Using the listing below, set down each line from the line containing "AVSIILE Linear Shower" through the line containing "Anel Traços Oval de Ouro Amarelo 18k", both ends included, exactly and with nothing added.
- - -
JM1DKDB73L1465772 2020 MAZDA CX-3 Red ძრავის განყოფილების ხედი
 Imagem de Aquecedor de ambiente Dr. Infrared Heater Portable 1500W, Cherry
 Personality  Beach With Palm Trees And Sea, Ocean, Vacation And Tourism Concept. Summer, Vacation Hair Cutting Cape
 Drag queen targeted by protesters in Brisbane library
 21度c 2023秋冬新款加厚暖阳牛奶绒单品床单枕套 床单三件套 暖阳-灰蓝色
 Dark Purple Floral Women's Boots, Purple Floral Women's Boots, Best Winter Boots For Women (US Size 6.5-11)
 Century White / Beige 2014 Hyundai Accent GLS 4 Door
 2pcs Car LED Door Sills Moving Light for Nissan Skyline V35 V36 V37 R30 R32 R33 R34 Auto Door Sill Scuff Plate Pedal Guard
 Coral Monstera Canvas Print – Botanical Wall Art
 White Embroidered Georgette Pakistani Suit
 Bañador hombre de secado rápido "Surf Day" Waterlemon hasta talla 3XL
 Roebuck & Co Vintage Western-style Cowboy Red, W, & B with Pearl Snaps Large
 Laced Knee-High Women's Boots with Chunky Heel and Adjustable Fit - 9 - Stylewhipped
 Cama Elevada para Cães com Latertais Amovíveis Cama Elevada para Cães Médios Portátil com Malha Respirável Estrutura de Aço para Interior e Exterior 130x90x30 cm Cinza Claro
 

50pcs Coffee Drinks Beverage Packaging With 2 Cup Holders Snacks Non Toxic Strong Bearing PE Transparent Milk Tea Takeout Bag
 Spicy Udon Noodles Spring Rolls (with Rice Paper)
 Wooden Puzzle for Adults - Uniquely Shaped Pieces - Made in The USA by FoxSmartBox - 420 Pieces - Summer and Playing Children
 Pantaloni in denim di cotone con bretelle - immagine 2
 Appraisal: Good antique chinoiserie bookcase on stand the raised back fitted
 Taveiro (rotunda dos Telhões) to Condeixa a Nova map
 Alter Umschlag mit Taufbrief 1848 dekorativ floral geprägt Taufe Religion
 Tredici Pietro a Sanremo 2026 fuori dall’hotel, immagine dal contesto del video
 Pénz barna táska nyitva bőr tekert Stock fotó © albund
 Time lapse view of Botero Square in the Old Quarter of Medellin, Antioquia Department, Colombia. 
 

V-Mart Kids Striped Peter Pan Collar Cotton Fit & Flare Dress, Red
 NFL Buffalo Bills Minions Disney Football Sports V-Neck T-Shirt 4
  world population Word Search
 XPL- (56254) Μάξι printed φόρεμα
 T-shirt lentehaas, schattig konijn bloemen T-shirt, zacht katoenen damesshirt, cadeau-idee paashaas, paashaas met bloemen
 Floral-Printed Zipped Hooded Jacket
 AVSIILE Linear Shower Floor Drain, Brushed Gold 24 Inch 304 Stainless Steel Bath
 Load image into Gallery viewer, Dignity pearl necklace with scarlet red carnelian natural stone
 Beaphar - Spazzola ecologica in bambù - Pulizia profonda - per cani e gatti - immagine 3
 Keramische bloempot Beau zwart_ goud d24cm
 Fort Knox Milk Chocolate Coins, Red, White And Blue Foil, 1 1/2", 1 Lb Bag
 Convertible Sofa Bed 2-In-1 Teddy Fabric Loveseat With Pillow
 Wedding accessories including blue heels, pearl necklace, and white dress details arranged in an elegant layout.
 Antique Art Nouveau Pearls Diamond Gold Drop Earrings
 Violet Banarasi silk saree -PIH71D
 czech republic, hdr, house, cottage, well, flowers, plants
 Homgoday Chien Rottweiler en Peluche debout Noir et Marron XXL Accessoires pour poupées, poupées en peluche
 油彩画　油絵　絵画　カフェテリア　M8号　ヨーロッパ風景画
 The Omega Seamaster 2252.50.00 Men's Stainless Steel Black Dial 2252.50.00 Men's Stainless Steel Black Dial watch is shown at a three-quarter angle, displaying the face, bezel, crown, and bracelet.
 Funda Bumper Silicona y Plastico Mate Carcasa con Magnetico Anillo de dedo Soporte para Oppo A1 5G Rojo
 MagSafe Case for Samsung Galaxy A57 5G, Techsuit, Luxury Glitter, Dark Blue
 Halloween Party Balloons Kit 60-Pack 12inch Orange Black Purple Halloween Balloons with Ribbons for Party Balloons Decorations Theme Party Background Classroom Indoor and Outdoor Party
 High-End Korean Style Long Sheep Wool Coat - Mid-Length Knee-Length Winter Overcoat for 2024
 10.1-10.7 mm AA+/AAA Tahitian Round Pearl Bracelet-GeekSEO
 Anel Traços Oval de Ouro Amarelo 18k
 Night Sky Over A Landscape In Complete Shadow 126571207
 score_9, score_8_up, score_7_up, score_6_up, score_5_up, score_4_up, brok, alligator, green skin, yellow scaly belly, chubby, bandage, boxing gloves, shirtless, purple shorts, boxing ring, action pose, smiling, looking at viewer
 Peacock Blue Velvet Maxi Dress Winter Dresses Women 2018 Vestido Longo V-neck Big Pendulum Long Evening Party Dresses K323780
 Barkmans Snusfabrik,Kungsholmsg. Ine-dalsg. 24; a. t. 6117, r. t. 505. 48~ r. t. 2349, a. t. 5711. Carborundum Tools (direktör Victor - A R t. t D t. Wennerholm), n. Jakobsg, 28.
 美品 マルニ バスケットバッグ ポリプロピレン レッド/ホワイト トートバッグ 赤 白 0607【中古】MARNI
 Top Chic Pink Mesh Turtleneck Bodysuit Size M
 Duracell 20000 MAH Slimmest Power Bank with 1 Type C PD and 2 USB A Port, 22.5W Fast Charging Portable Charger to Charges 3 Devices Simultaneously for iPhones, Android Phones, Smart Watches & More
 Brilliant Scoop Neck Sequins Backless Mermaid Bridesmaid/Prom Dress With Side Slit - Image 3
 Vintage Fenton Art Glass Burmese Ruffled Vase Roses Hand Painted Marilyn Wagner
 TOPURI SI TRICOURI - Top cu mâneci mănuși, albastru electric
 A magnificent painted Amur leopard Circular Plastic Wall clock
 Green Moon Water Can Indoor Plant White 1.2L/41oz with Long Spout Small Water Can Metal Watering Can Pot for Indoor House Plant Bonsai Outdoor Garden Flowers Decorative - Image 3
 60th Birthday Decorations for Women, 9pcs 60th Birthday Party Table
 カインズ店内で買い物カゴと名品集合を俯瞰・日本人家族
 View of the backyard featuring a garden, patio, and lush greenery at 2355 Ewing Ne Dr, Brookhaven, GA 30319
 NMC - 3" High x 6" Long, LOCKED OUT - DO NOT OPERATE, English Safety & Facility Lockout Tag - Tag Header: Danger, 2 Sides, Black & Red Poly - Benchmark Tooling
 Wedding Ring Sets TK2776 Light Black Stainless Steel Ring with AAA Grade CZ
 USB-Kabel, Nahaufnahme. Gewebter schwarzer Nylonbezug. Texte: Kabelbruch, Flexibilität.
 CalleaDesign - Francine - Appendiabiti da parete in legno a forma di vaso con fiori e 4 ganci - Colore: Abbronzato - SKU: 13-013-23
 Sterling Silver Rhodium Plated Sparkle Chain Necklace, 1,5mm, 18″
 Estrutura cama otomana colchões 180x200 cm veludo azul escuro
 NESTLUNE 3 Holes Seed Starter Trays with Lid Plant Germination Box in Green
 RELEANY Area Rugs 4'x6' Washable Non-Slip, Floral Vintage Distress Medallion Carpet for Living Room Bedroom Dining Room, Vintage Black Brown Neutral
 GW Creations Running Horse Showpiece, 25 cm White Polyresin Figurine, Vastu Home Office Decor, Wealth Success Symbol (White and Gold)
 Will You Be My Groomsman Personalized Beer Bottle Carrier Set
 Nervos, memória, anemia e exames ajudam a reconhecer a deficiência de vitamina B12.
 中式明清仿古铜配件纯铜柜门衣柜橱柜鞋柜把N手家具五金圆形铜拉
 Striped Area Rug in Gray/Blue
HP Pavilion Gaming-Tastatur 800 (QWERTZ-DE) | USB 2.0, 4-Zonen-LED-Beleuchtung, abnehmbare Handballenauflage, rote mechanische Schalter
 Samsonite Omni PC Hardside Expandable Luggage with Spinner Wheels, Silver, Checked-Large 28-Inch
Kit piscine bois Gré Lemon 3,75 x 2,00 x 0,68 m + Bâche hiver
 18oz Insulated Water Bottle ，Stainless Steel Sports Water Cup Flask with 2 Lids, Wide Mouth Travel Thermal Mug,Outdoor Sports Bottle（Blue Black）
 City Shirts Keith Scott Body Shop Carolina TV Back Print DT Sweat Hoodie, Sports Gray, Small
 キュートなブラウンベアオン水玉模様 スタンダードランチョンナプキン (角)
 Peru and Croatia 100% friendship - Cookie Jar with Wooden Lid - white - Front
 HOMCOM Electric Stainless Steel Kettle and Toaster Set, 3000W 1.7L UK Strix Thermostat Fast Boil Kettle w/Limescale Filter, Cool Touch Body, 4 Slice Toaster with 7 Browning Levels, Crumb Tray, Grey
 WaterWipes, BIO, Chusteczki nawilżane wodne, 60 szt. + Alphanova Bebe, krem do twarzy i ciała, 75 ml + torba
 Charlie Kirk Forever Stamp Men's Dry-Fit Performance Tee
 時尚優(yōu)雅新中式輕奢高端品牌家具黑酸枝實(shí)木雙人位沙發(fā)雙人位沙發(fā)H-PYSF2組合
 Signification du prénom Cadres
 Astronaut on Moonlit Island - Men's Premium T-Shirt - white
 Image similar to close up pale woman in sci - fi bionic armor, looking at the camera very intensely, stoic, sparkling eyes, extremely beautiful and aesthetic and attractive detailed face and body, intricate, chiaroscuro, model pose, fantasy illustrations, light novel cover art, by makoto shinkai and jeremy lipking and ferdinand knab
- - -
### Exercise solution
 AVSIILE Linear Shower Floor Drain, Brushed Gold 24 Inch 304 Stainless Steel Bath
 Load image into Gallery viewer, Dignity pearl necklace with scarlet red carnelian natural stone
 Beaphar - Spazzola ecologica in bambù - Pulizia profonda - per cani e gatti - immagine 3
 Keramische bloempot Beau zwart_ goud d24cm
 Fort Knox Milk Chocolate Coins, Red, White And Blue Foil, 1 1/2", 1 Lb Bag
 Convertible Sofa Bed 2-In-1 Teddy Fabric Loveseat With Pillow
 Wedding accessories including blue heels, pearl necklace, and white dress details arranged in an elegant layout.
 Antique Art Nouveau Pearls Diamond Gold Drop Earrings
 Violet Banarasi silk saree -PIH71D
 czech republic, hdr, house, cottage, well, flowers, plants
 Homgoday Chien Rottweiler en Peluche debout Noir et Marron XXL Accessoires pour poupées, poupées en peluche
 油彩画　油絵　絵画　カフェテリア　M8号　ヨーロッパ風景画
 The Omega Seamaster 2252.50.00 Men's Stainless Steel Black Dial 2252.50.00 Men's Stainless Steel Black Dial watch is shown at a three-quarter angle, displaying the face, bezel, crown, and bracelet.
 Funda Bumper Silicona y Plastico Mate Carcasa con Magnetico Anillo de dedo Soporte para Oppo A1 5G Rojo
 MagSafe Case for Samsung Galaxy A57 5G, Techsuit, Luxury Glitter, Dark Blue
 Halloween Party Balloons Kit 60-Pack 12inch Orange Black Purple Halloween Balloons with Ribbons for Party Balloons Decorations Theme Party Background Classroom Indoor and Outdoor Party
 High-End Korean Style Long Sheep Wool Coat - Mid-Length Knee-Length Winter Overcoat for 2024
 10.1-10.7 mm AA+/AAA Tahitian Round Pearl Bracelet-GeekSEO
 Anel Traços Oval de Ouro Amarelo 18k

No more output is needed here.